WHAT YOU HAVE TO DO:
Reproduce from the records below, with no pictures, exactly the lines between the one containing "Наперсток из бронзы" and the one containing "Scenic view of", inclusive.

MATERIAL FOR THIS EXERCISE:

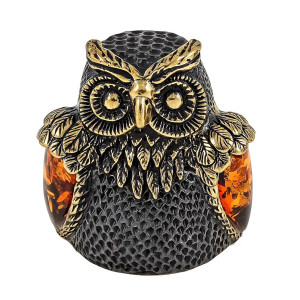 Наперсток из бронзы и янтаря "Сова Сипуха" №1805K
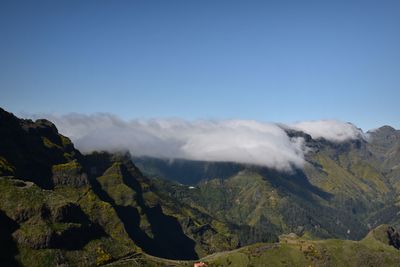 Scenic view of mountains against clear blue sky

==

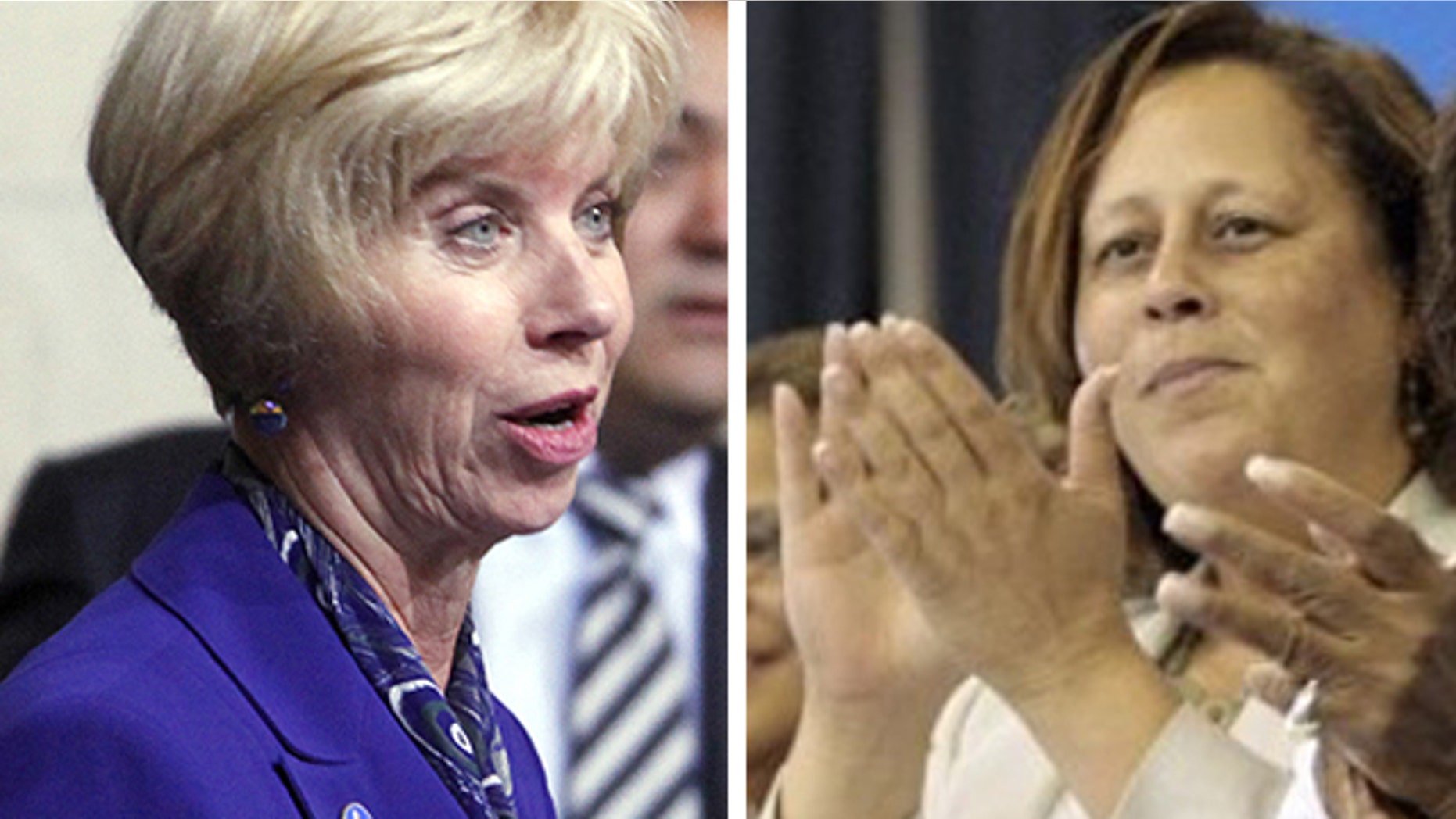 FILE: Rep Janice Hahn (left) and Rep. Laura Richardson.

ANSWER TO THIS PROBLEM:
 Наперсток из бронзы и янтаря "Сова Сипуха" №1805K
 Scenic view of mountains against clear blue sky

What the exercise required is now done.